Diplomatic relations between Switzerland and the United States were established in 1853 by the U.S. and in 1868 by Switzerland. The first diplomatic representation of the U.S. was established in Basel in 1853.

History

Consular relations

With the conclusion of the Napoleonic Wars, many Swiss sought a more peaceful and prosperous life in America. A sizable number emigrated to the United States, especially from the cantons of Vaud and Lucerne. As early as 1815, representatives from the two respective cantons had proposed to the Federal Diet that the country establish a consulate in either Philadelphia or New York City to ensure the rights of their merchants and expatriates. The following year the Diet resolved to create a consulate in New York. It was initially decided that their consul would be chosen from the Swiss population in America, but no appointment was ever made. In July 1822, with consultation from Swiss–American diplomat Albert Gallatin, the Diet appointed its first two consuls to the United States: Henry Casimir de Rham of Yverdon-les-Bains, canton of Vaud, a banker and merchant and then-resident of New York; and Antoine Charles Cazenove of Geneva, a wine and tobacco merchant and then-resident of Alexandria, Virginia. Niklaus Rudolf von Wattenwyl, the chairman of the Diet, sent a letter to United States President James Monroe, asking him to grant the appointees an exequatur and emphasizing the liberal and federal characteristics shared by both of their countries' constitutions. The letter marked the first official correspondence between the governments of Switzerland and the United States and established a precedent for the character of relations between them throughout the rest of the 1800s.

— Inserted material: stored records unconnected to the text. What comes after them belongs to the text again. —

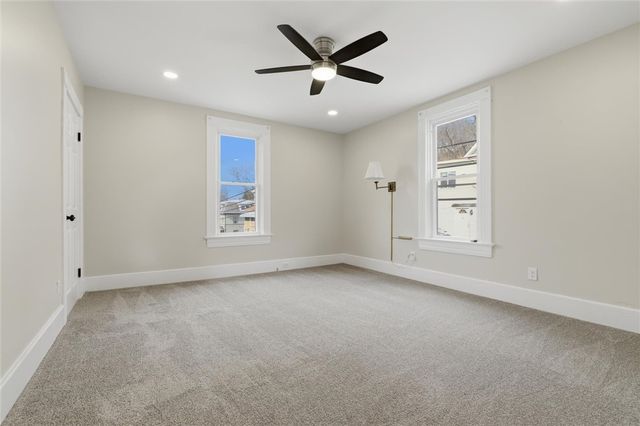 59 Maplewood Ave, Crafton, PA 15205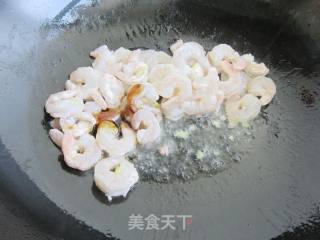 Stir-fried Shrimp with Leek recipe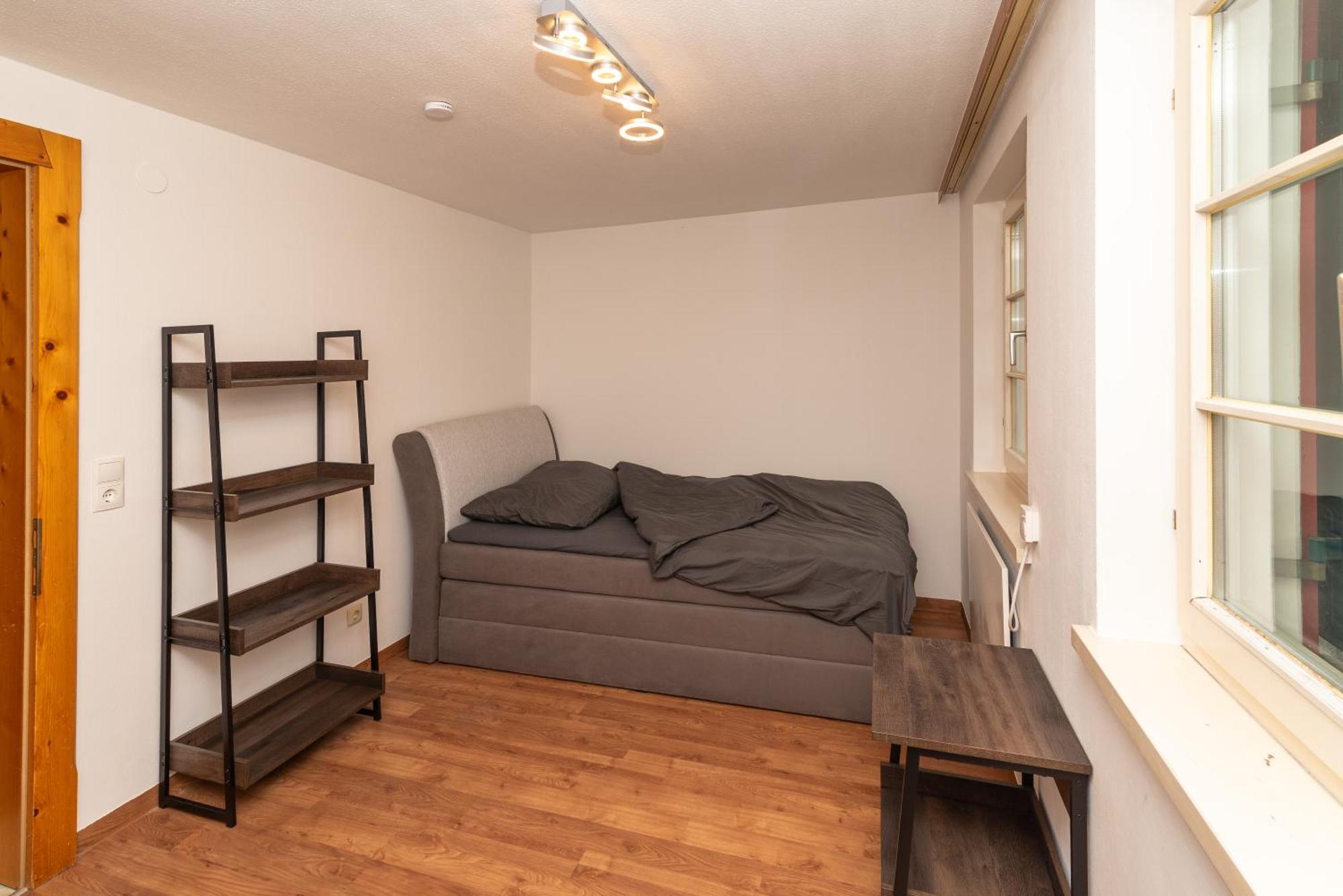 Crimson Cottage Apartments Dornbirn Buitenkant foto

The United States granted the exequatur. Gallatin advised the Diet on how to divide the territory to be administered by the two new consuls. De Rham assumed responsibility for a district encompassing the New England states, New York, New Jersey, Pennsylvania, Delaware, and the states north of the Ohio River. Cazenove managed the remainder of the United States. Their main charge was to protect the interests and property of Swiss immigrants and travelers, particularly merchants. Both performed their duties in an honorary capacity outside of their regular business, with de Rham serving until 1842 and Cazenove until 1852. The latter's responsibilities in his later service became increasingly diplomatic.

Switzerland's cotton and silk exports to the United States increased significantly throughout the 1820s, making it more desirable for the latter to establish its own consulate. In 1830, John G. Boker, businessman from New York City and a friend of Chief Clerk of the Department of State Daniel Brent, was appointed to be the first American consul to Switzerland. He arrived that fall in Bern and was warmly received by the chairman of the Diet. While waiting for his commission to be approved by the 22 cantons, Boker moved to Basel, as most Swiss exports to America passed through there. Impatient with the tedious nature of the decentralized government, he opened his consulate in October without official Swiss recognition.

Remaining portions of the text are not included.